### SOURCE MATERIAL
•••

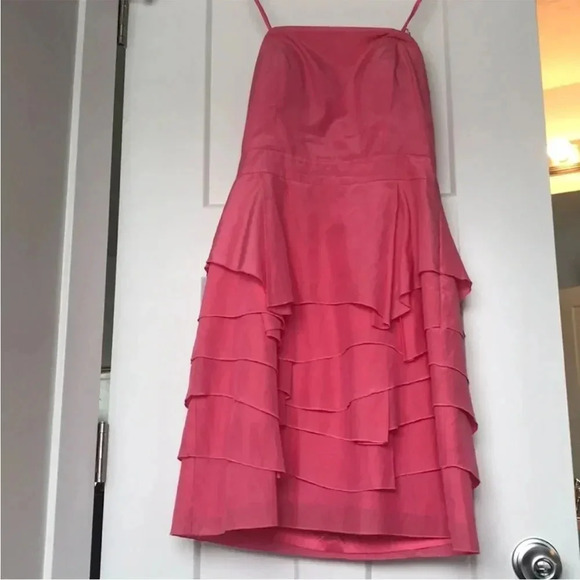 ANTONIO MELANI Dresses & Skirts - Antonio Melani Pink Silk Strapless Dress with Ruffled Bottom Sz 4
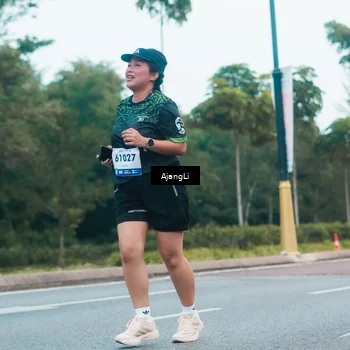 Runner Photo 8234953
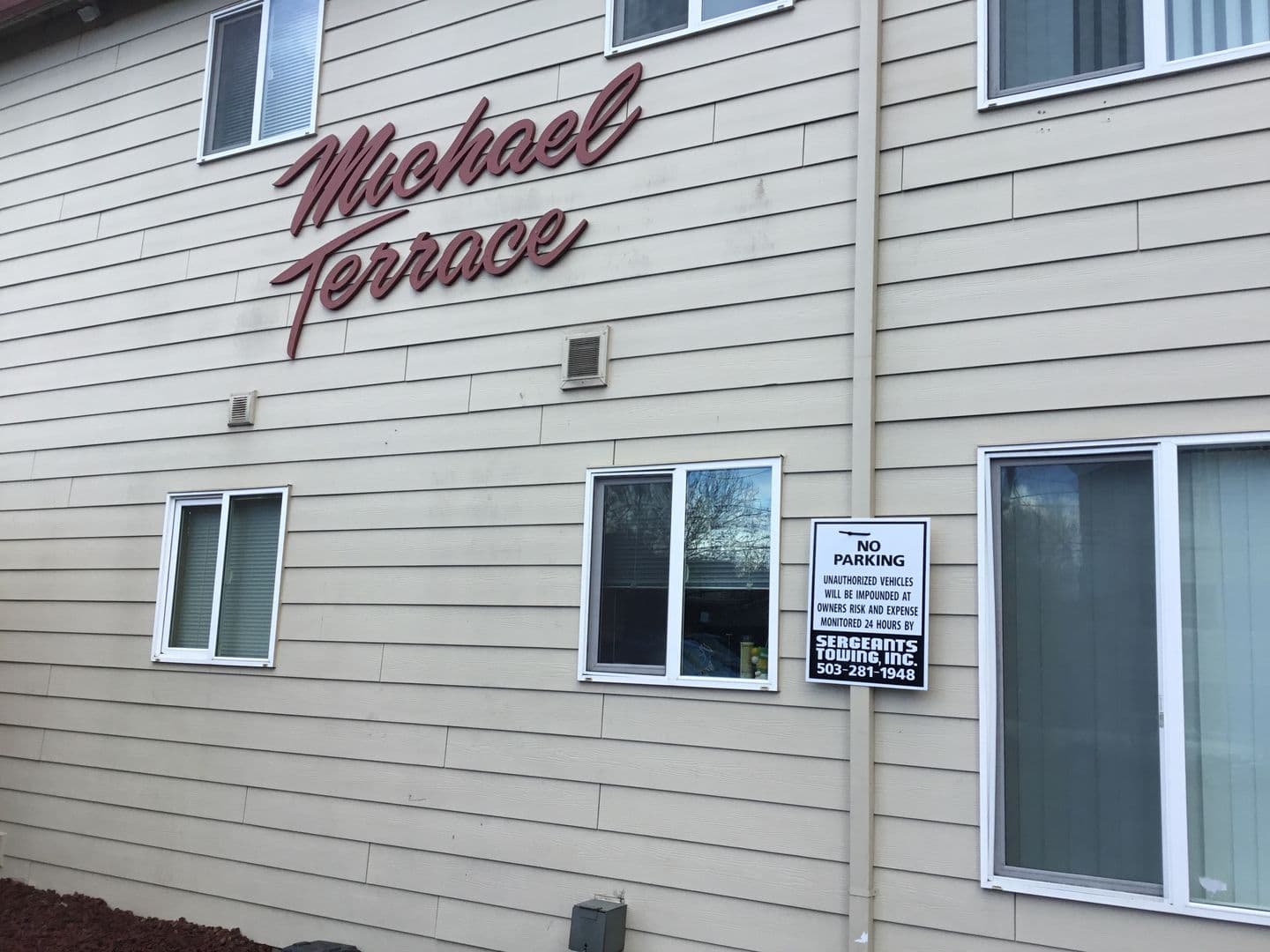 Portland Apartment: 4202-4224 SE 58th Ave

•••

### DESCRIPTION OF THE TASK
When the listing is transcribed, every line must match the original exactly, and the pictures must be left out.

### SOLUTION
 ANTONIO MELANI Dresses & Skirts - Antonio Melani Pink Silk Strapless Dress with Ruffled Bottom Sz 4
 Runner Photo 8234953
 Portland Apartment: 4202-4224 SE 58th Ave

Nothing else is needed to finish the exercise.